Friday, August 2, 2024

Review of HOW TO SLAY A NEPO BABY: Social Satire with Scares

August 1, 2024



One day, political scion Cass (Barbie Imperial) invited her group of spoiled rich kids for a trip to Sagada. They include CEO-to-be Ada (Sue Ramirez), depression-beset vegan Bella (Chaye Mogg), muscle-bound sex addict J (Naia Ching), and substance addict twins Kel (Ralph Gomez) and Sho (Phi Gomez). Much to the kids' annoyance, they will be chaperoned by Cass's strict and old-fashioned gay nanny Yayo (Phi Palmos).

At first, Alpha Habon's screenplay seemed to be a satiric take against the lifestyle of the privileged children of the  rich and famous parents. We see the deplorable way they dealt with the working class around them. With their limitless cash reserves, they believe that they can buy anything out or pay anything off.
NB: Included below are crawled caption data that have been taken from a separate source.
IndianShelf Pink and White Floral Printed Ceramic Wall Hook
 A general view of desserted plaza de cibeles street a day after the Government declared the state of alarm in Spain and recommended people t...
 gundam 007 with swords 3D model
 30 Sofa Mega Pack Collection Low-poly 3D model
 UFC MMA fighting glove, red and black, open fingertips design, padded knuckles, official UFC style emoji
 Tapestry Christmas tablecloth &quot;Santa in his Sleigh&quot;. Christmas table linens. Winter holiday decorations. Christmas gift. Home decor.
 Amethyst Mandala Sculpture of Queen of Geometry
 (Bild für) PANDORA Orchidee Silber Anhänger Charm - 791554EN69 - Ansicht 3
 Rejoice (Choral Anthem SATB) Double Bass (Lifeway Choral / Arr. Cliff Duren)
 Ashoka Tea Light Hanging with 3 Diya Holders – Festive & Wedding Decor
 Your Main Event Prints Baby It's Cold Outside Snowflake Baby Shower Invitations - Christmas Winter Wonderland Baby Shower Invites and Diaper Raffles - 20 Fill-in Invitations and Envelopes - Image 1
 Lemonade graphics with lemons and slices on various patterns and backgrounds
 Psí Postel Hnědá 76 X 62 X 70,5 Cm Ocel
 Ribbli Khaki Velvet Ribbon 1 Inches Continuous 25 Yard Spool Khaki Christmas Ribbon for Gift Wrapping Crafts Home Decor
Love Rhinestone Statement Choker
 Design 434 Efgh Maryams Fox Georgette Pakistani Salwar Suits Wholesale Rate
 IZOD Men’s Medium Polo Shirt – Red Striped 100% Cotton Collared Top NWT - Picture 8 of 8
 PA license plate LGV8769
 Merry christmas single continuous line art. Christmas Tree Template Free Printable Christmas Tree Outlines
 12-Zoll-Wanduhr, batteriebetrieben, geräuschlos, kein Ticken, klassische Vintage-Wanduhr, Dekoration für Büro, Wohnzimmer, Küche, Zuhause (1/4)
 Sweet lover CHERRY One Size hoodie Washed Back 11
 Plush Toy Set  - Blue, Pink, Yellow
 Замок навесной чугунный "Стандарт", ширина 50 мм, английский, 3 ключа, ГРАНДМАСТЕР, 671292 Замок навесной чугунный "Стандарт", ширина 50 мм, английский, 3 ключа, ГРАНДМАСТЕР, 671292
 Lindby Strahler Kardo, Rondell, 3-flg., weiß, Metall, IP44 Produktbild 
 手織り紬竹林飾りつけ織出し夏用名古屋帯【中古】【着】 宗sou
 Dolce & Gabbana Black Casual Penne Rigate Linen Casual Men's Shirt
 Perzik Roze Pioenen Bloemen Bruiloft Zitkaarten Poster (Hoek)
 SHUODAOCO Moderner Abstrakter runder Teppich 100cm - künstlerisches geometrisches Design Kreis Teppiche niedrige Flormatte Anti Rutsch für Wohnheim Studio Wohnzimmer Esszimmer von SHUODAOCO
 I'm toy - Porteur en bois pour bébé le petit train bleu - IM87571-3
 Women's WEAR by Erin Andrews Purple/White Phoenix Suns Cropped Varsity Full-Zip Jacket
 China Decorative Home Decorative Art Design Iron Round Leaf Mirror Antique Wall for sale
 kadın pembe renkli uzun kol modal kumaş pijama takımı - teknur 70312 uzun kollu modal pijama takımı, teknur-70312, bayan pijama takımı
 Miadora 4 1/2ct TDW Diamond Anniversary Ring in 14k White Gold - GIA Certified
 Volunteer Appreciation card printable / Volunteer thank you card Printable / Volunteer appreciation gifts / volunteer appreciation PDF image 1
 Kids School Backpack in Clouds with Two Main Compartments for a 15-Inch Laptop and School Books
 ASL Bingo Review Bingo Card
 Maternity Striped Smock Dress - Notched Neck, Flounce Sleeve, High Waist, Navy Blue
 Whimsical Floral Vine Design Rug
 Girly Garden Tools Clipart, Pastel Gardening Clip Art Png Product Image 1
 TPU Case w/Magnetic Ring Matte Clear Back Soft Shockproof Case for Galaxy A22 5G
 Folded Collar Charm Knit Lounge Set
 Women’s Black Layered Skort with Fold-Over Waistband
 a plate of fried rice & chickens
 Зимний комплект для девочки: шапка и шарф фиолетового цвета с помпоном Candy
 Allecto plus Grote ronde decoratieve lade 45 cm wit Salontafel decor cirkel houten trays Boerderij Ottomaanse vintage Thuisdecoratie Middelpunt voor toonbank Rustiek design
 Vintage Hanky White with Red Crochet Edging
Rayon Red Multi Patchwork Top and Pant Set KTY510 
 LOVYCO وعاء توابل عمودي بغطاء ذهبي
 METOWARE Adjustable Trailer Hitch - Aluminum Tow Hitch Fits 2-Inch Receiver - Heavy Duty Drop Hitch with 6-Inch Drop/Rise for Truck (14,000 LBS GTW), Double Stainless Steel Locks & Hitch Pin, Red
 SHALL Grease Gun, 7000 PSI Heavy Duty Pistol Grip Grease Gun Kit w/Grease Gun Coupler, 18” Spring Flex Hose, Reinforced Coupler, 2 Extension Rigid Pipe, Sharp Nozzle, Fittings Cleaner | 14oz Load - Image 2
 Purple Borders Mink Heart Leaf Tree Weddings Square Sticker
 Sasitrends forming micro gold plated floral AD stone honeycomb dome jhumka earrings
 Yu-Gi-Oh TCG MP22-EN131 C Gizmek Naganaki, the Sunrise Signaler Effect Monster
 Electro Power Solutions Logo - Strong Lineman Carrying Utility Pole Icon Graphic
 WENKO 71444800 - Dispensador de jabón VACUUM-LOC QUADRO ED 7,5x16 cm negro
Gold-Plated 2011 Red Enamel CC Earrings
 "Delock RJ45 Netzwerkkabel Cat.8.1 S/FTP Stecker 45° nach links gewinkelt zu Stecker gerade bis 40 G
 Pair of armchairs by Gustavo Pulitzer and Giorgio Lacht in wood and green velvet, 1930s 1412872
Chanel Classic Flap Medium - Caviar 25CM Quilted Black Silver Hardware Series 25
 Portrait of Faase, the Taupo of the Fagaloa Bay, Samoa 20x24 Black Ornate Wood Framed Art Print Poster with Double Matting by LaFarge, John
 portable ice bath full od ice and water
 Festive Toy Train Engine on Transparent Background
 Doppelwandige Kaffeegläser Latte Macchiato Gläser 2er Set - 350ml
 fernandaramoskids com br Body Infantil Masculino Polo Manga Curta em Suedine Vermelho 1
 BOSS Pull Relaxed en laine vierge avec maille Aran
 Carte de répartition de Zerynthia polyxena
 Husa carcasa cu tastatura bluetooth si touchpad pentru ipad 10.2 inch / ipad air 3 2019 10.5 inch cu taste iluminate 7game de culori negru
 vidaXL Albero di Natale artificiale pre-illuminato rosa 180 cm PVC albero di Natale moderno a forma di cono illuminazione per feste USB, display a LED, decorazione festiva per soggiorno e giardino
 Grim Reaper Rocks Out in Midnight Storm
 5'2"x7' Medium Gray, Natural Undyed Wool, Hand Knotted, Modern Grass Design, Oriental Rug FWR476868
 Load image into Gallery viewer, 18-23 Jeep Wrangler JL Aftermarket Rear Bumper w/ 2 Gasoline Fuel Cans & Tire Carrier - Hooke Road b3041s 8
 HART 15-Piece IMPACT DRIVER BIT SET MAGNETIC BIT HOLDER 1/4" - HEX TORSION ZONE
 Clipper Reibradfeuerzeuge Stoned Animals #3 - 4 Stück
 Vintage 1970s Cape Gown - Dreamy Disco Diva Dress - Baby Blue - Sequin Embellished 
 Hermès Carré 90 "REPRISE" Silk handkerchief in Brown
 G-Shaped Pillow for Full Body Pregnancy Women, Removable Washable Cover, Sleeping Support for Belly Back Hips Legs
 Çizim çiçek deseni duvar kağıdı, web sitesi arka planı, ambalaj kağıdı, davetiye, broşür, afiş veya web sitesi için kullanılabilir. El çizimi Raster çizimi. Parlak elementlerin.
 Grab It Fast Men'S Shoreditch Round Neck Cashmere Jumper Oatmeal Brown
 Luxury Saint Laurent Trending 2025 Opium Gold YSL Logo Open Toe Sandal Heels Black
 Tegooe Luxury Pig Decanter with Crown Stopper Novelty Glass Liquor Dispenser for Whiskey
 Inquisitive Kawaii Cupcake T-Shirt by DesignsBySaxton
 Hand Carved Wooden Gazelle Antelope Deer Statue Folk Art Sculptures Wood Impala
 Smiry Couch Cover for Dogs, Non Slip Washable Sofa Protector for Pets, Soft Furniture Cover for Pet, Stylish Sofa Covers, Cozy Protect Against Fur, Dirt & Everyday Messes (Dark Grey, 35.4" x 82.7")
If money cannot do the talking, they would resort to threats and blackmail unafraid, knowing that their powerful parents would bail them out.  

However, during their first night in Sagada, something happened that took things to a sharp chilling turn. Its darkly comic tone then became darkly horrific. When they visited Yayo's home village Lunti, the atmosphere was unsettling from the get-go. Children with ominous shrill shrieking and voodoo-like rituals . Cass and pals could have skedaddled out of there right there and then, but of course, they stayed so we could have a movie. 

While Ada was a slimy and manipulative queen bee, quirky Sue Ramirez had the charm to pull this character off without totally turning you off against her.  Barbie Imperial's Cass was so wishy-washy, it is with her that audiences may feel more annoyed. The others had nothing much to do except be dumb jocks who can't feel the danger even if it was screaming at their faces. As the "gracious" host Yayo, Phi Palmos was an MVP in the ensemble. Characters like caretaker Gil (JC Gallano) and healer Inayon (Sue Prado) complicate the plot. 

Director Rod Marmol ("Cuddle Weather," "The Cheating Game") helms a true horror for the first time. He did creditably most of the way, but faltered at the ending, with a jarring jump in action where a chunk of the climax skipped making things worse. With all those pastel flowers he used in the Lunti, Ari Aster's "Midsommar" (2019) seemed to be on his mind. To earn a less-restrictive R-13 rating, all of the cuss words were obviously skipped. 6/10.